▶ _Exercise objective_:
Take the entries below and print only the lines from the one with "Charging Connector Flex" through the one with "ショート いまい ほなみのヘアスタイル", exactly as they stand, both ends included.

▶ _Extracted information_:

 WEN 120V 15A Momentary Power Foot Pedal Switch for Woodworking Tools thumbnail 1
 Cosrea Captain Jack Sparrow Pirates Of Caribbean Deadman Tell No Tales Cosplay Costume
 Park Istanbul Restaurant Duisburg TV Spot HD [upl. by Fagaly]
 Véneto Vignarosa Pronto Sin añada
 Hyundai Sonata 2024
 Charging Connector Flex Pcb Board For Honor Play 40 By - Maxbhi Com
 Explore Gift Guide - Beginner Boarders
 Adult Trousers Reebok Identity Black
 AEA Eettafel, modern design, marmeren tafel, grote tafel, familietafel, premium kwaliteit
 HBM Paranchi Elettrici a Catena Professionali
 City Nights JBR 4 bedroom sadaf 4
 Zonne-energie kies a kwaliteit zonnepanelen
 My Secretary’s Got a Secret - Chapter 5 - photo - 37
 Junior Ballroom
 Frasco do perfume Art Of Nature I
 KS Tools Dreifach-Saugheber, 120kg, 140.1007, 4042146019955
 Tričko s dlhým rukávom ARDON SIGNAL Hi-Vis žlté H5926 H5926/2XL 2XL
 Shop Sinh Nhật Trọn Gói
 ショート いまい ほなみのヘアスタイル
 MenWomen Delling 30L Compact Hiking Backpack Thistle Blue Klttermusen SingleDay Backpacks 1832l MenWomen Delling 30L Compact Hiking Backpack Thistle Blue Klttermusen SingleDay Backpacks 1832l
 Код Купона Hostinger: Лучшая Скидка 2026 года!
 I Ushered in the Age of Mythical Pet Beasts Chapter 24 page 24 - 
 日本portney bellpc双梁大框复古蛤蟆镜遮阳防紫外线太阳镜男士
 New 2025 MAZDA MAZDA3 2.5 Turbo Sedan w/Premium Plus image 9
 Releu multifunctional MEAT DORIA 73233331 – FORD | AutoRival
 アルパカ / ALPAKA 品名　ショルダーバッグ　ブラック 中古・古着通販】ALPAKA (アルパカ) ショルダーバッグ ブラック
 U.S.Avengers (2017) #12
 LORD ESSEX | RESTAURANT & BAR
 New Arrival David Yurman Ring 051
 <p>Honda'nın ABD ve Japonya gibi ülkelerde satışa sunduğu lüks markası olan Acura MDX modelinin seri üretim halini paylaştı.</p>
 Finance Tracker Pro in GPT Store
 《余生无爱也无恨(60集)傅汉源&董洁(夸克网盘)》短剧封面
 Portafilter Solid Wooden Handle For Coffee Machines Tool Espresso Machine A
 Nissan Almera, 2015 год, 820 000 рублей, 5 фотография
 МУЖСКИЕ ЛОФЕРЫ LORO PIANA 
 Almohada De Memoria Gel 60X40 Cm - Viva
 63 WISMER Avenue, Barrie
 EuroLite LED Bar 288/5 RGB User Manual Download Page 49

▶ _Answer to the exercise_:
 Charging Connector Flex Pcb Board For Honor Play 40 By - Maxbhi Com
 Explore Gift Guide - Beginner Boarders
 Adult Trousers Reebok Identity Black
 AEA Eettafel, modern design, marmeren tafel, grote tafel, familietafel, premium kwaliteit
 HBM Paranchi Elettrici a Catena Professionali
 City Nights JBR 4 bedroom sadaf 4
 Zonne-energie kies a kwaliteit zonnepanelen
 My Secretary’s Got a Secret - Chapter 5 - photo - 37
 Junior Ballroom
 Frasco do perfume Art Of Nature I
 KS Tools Dreifach-Saugheber, 120kg, 140.1007, 4042146019955
 Tričko s dlhým rukávom ARDON SIGNAL Hi-Vis žlté H5926 H5926/2XL 2XL
 Shop Sinh Nhật Trọn Gói
 ショート いまい ほなみのヘアスタイル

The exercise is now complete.